▶ **Problem to work on**
Please, without any pictures, set down exactly the part of the listing below that opens with the line containing "54 becas para estudiar en IE University" and closes with the line containing "Rental house with".

▶ **Material to process**
-- Opening Marker --

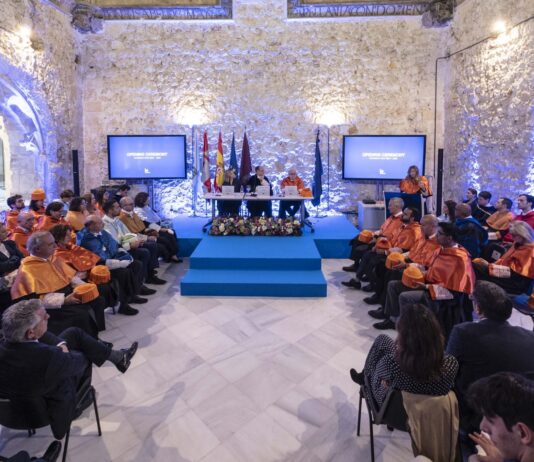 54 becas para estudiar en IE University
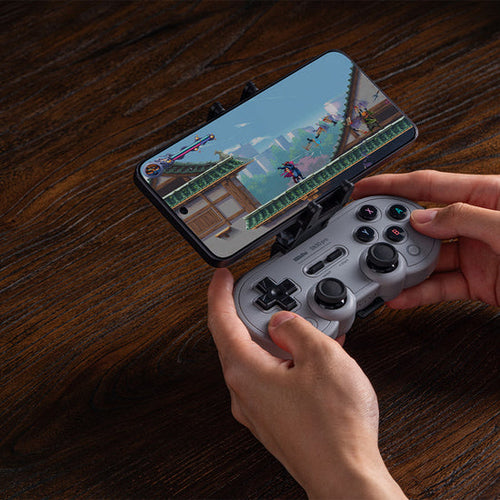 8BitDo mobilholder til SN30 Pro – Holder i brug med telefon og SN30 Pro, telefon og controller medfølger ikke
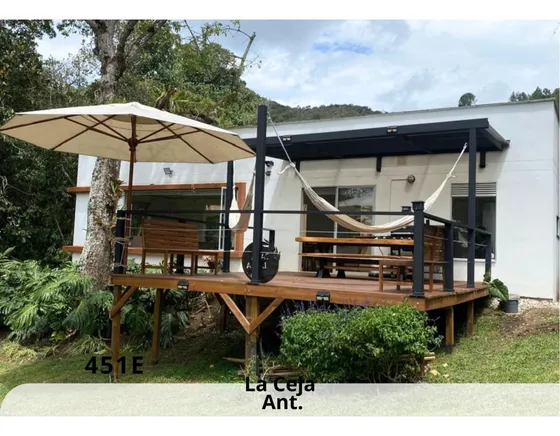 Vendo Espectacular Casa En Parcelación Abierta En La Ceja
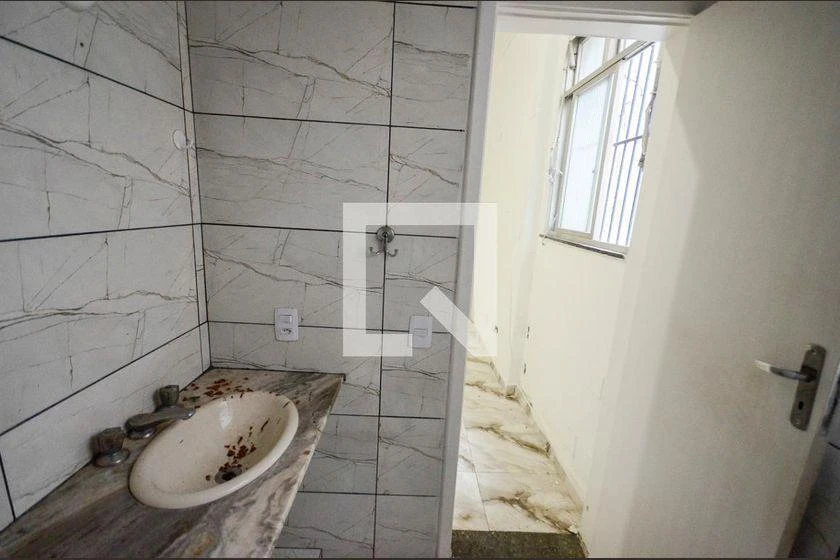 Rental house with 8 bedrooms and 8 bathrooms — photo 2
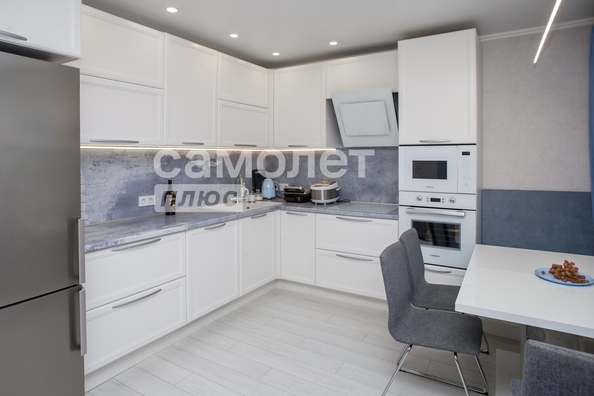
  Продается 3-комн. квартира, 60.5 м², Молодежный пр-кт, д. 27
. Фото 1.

-- Closing Marker --
-- Opening Marker --

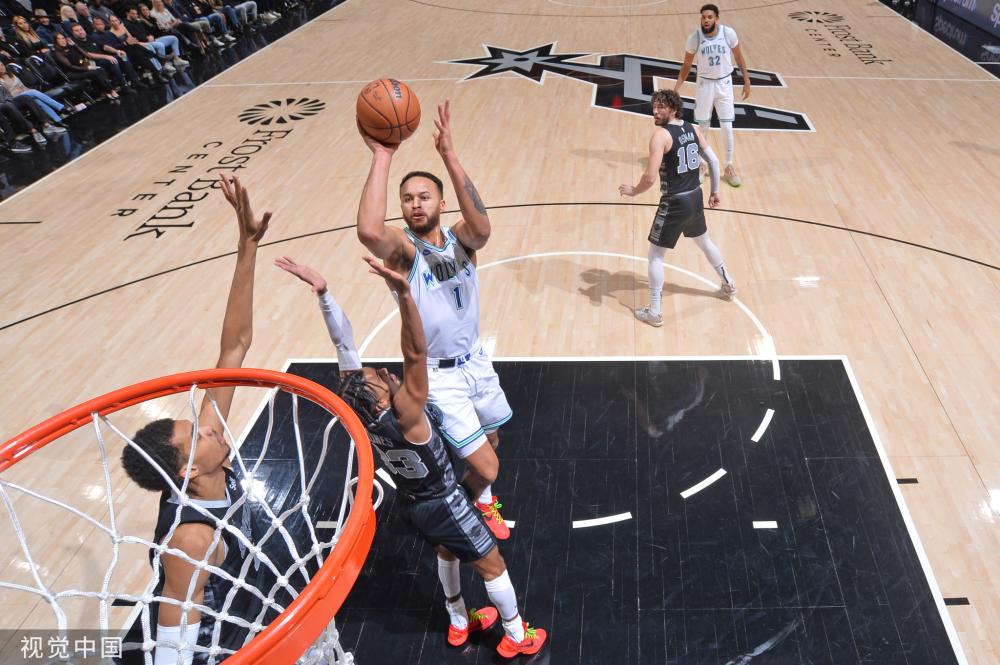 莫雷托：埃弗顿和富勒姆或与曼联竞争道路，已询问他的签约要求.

-- Closing Marker --

▶ **Written answer**
 54 becas para estudiar en IE University
 8BitDo mobilholder til SN30 Pro – Holder i brug med telefon og SN30 Pro, telefon og controller medfølger ikke
 Vendo Espectacular Casa En Parcelación Abierta En La Ceja
 Rental house with 8 bedrooms and 8 bathrooms — photo 2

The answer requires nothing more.